Ils retiennent, pour cette histoire dans l’Histoire, un guerrier arabe qui a vécu des événements terribles et en reste traumatisé.
Avec un poignard, un père trace des signes sur le front de son fils avant de le sacrifier. Lorsque l’adolescent le supplie de l’épargner, son père prend l’exemple d’Abraham qui n’a pas hésité. Alors que le coup fatal va être donné, le garçon saisi le poignard de l’homme qui le tient agenouillé et le plante dans le cœur de son bourreau, déclenchant un cataclysme. Il se retrouve seul marqué à jamais au front.
En Syrie, c’est la 58ème année de guerre en cet an 551 de l’Hégire. Nero se bat comme un lion contre les Francs alors que le reste de son armée se replie. Il est désarçonné et va être tué quand un Croisé lui sauve la vie. Celui-ci connaît la signification des cicatrices. Il veut trouver cette grotte, près de Damas, et compte sur Nero pour le guider. Sur le chemin, ils sont contraints de s’arrêter près d’un groupe qui rejoint le gros de l’armée qui marche vers la forteresse de Tell Bashir pour l’assiéger.
Alors que celui qui a fait prisonnier Nero part se rafraichir au point d’eau, ils sont attaqués et Nizarite, une guerrière, qui le délivre. Commence alors un chassé-croisé mortifère entre les deux hommes pour la maîtrise d’un secret qui…
Cette guerre en Syrie est présentée essentiellement du côté musulman. C’est la lutte contre les Francs qui se comportent en envahisseurs. Mais c’est aussi le combat de deux individus, deux personnalités qui n’appartiennent à aucun clan, qui ne sont pas viscéralement attachés à leur camp, à leur culture et surtout pas à la religion qu’ils devraient embrasser. Ils mènent leur propre quête pour un but mystérieux liés à des croyances, des dogmes très anciens. La violence des attitudes et des sentiments cadence leur relation.
Les scénaristes prennent comme point de départ et comme lieu de cristallisation des croyances ésotériques une grotte sur le mont Qassioun, celui qui domine Damas. D’après des manuscrits médiévaux arabes, c’est dans cette cavité que Caïn aurait tué Abel, lui donnant pour toujours le nom de grotte du Sang.
Le graphisme se partage entre quatre personnes, deux dessinateurs et deux coloristes. Le graphisme est impressionnant. Il est ainsi rendu par la dimension de l’album et par le choix de privilégier de grandes cases, voire des pleines pages pour rendre l’action plus visible, plus dynamique. Nombre de planches sont constituées de trois, quatre vignettes seulement. Les gros plans abondent, que ce soit ceux des protagonistes comme ceux des éléments d’action.

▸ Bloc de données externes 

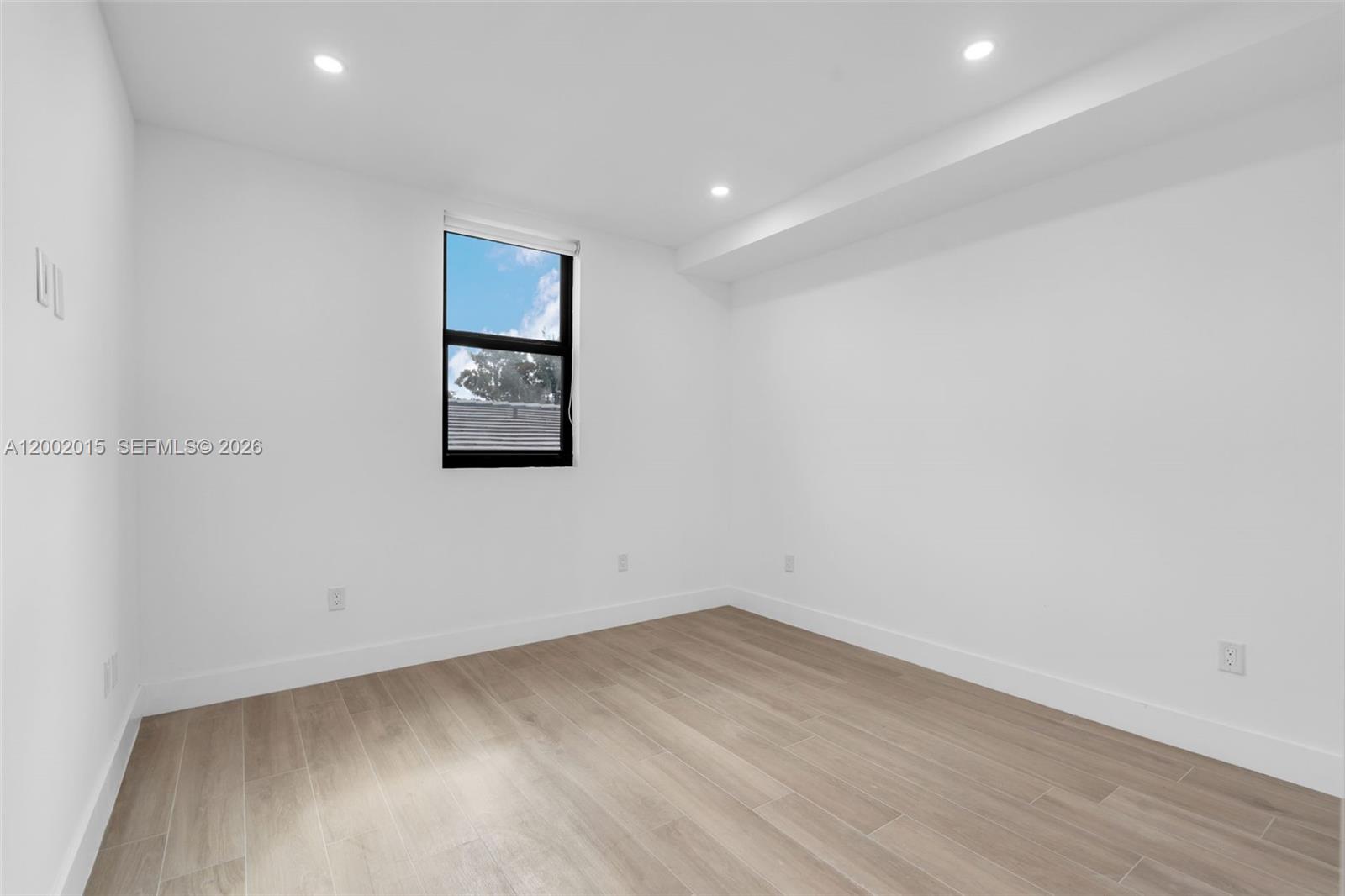   /   sq. ft. $ 2026-04-16 0 Photo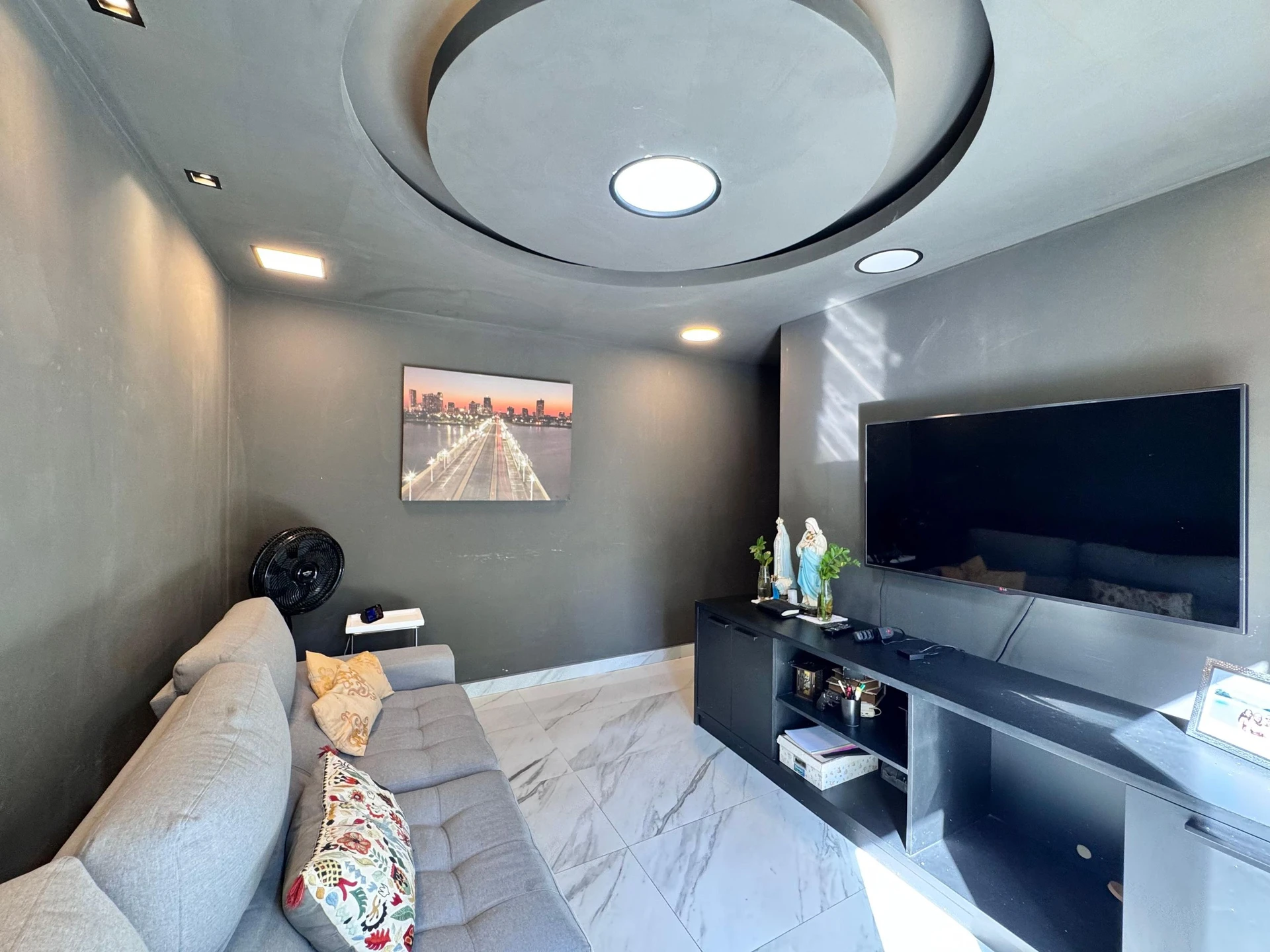 Furnished house with 4 en-suites and 6 bathrooms — photo 65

Si les personnages sont construits en quelques traits, les foules constituées de silhouettes, les expressions et les mouvements sont parfaitement rendus. Cependant, le sang coule et les blessures ne sont masquées. Les couleurs vives, chaudes, sont, à l’image du climat, très utilisées, rendant palpables les atmosphères tant intérieures qu’extérieures.
Un premier volume qui ouvre un récit sur une cascade d’actions, entre batailles et sièges, générant un climat ésotérique de toute beauté.
serge perraud
Emiliano Mammucari (scénario et dessin de l’acte 1), Matteo Mammucari (scénario), Alessio Avallone (dessin de l’acte 2), Luca Saponti & Adele Matera (couleur), Nero — Tome 1 : Obscurci est le soleil, ternes sont les étoiles, Dupuis, coll. “Grand Public”, février 2023, 144 p. — 23,50 €.